While it seems hard to believe, up until a few years ago, Australia hadn’t seen a single male footballer come out as gay. That all changed in May 2019, when Andrew Brennan, an Australian professional footballer who plays for South Melbourne, came out, forever changing the football world in Australia and paving the way for other LGBTQIA+ athletes to follow suit.
“I feel one of the hardest barriers to overcome as a young member of the LGBTQIA+ community in sport is feeling discriminated against,” says Brennan, who works with Nike’s Proud2Play LBGTQIA+ Coaching and Mentorship Program to overcome these barriers and inspire change.
“Dismissive or offensive words or actions can have lasting effects on people who are struggling with their sexual or gender identity and not quite feeling as though they belong.”
Here, we chat to Brennan about what he was most afraid of when he came out, what the response was and why LGBTQIA+ athletes hiding their sexuality is such an important issue to be aware of.
The Latch: What was it like growing up and having to hide your sexuality?
Andy Brennan: Growing up playing sport and feeling as though you don’t quite belong amongst your peers can have lasting effects. If you can picture the young player who is terribly hard on themselves for making a mistake, whose confidence can be a shock in a moment or mistakes linger in their minds — that is the result of feeling alone and intrinsically different.
I felt these things for so long. Up until I accepted my sexuality, I always felt that something was wrong with me. Creating environments where young LGBTQIA+ people do not have to suffer like this should be everybody’s aim.
TL: What were you most afraid about when coming out in the sports world?
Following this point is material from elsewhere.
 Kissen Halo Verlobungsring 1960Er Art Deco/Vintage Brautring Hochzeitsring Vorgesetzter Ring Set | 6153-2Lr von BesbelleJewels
AB: I was worried about being rejected. Rejected by my friends, coaches, teammates and even family. Saying it now feels ridiculous to me (because I know how supportive and loving everyone has been), but when you’re alone and down inside your own head, the last thing you want is to ruin the love and support you have around you. There was a real fear that my being gay could really isolate me.
There are stages that come with ‘coming out’. First, you must come to accept yourself for who you are. This, for me, was the hardest. I accepted myself for the first time at 25. That was because I knew I couldn’t live like I was any longer. Then you must ‘tell’ or ‘show’ (by who you are with) the world who you are. You test the water with a close person and then continue on that path. Telling each person is a new battle with new fears.
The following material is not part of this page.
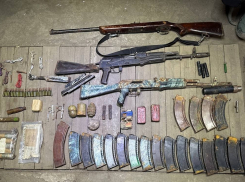 В гараже в Горловке полицейские обнаружили крупный схрон оружия и боеприпасов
But when you are prepared to quit playing and let friendships go by the wayside in the pursuit to be who you are, you know you must keep going.
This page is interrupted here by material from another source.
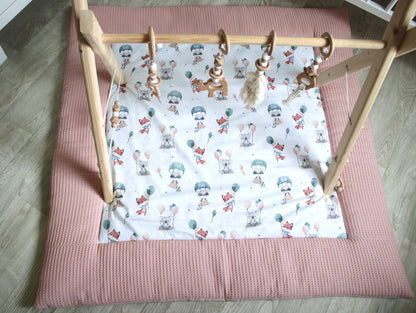 Krabbeldecke „Tiere mit Luftballons+Waffelpique rosa/nude"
TL: What was the response?
AB: I really felt that playing football and being gay were not congruent. Boy, how I was wrong. The response was special. Special because where my mind was, and where it ended up, were truly on the opposite ends of the scale. I felt more confident and stronger, and this showed playing sport. I no longer hide away in my shell when I make a mistake. Or when someone has some stern words. I feel on the front foot, rather than on the back foot.
This is why I am so passionate about helping change the landscape for young LGBTQIA+ people. No one should feel this way. Coaches have a huge role to play in building a safe and supportive environment, no matter who the person is.
TL: Why is LGBTQIA+ youth hiding their sexuality in sport such an important issue to be aware of?
AB: Hiding who you are in sport and society has huge ramifications on your mental state. Feeling as though you don’t belong, that something deep in you does not configure to society’s standards, leaves you feeling ashamed of who you are. In that deep mental chasm are fear, self-blame and isolation.
In a recent study, 70% of people felt that transgender or gender diverse people would not be welcome in their club. This attitude affirms young LGBTQIA+ people’s fears, and we must change it to make LGBTQIA+ inclusion a priority. Reduce prevalent ignorance of homophobia and discrimination towards this community. Visibility is power, and sport is visibility.
Through sport, we have the power and platform to represent the LGBTQIA+ community and change those attitudes that are so damning to an already vulnerable community. Inclusive language and registration forms, mixed-gender teams, non-binary uniforms and gender-neutral bathrooms are small changes that make a contribution to creating visibility for LGBTQIA+ athletes. This can create an attitude change. We must make these changes.
So, for us, it means so much to have the support of a brand like Nike to help spur on that change needed for athletes, but more so at that grassroots level, which is where the big gap is — with a joint objective to build a future where everyone can win.